How often do you feel refreshed after a night’s sleep? And how hard do you find it to actually nod off in the first place?
A lack of sleep, even as little as a couple of night’s worth, can seriously impact your performance at work, or more importantly – the gym.
So what can you do to help you Segway into the Zee zone? It can be very frustrating not knowing what is causing your poor sleep or your inability to get to sleep, so let’s examine some possible causes and some good pre-sleep hygiene methods.
Caffeine (such as a coffee) can have an effect in around 20 minutes, even sooner to the less acclimatised and a pre-workout maybe even sooner still. This can sometimes be a benefit; if you’ve got a big gym session or an event you want to be primed for (something like ELEVATE™ or ELEVATE™ ZERO certainly hits the spot!), but caffeine has a half-life of about 5 hours. So bear this in mind when using caffeine when looking at possible causes for difficulties getting to sleep.
2.) Electronic devices
Electronic devices emit white and blue light from their display in order for us to use them. Now while we all love watching TV and our mobiles are pretty much permanently attached to our hands, these devices are killers when we are trying to get to sleep. This light can seriously affect our melatonin levels – the hormone our body uses to control your sleep-wake cycles.

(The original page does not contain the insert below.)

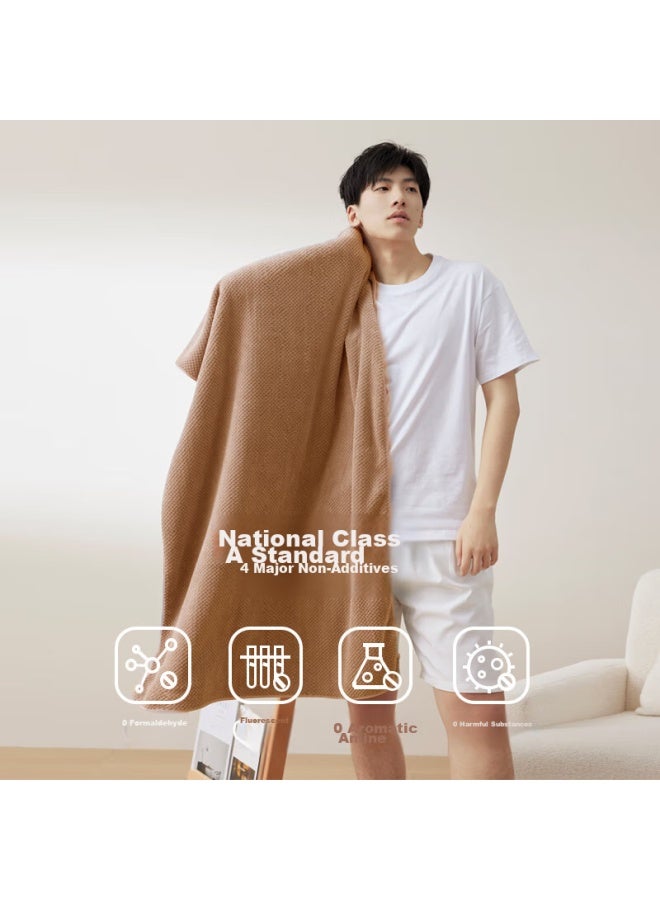 Sanli 7a Antibacterial Bath Towel, Class A Absorbent Quick-drying, Adult Large Bath Towel, Uni, 75*140cm, 300g, Light Coffee Color - Image 5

We all have things we want and need to do for our work or connecting with friends on social media in the evenings, but this may be at a price of a decent night’s slumber. A good habit would be to try and switch off (or put down!) our devices and start to wind down for the night; about 30 minutes (or more if you are able to) before our planned head down time. Doing this regularly will help with good sleep hygiene.
A good substitute for the electronic devices is reading a book in bed. This places you in the right environment and can also work to fatigue the eyes to further encourage sleep. I find fiction better than factual books as they tend to detach the need to question or fully absorb the text.
Stress is one of the most catabolic substances out there. Although it may seem a bit of a paradox getting stressed about stress affecting your sleep, taking some time or asking for help to try and identify causes or triggers of your stress can be your first step into trying to manage it. Good sleep can really help with putting everything else into perspective when dealing with problems and issues.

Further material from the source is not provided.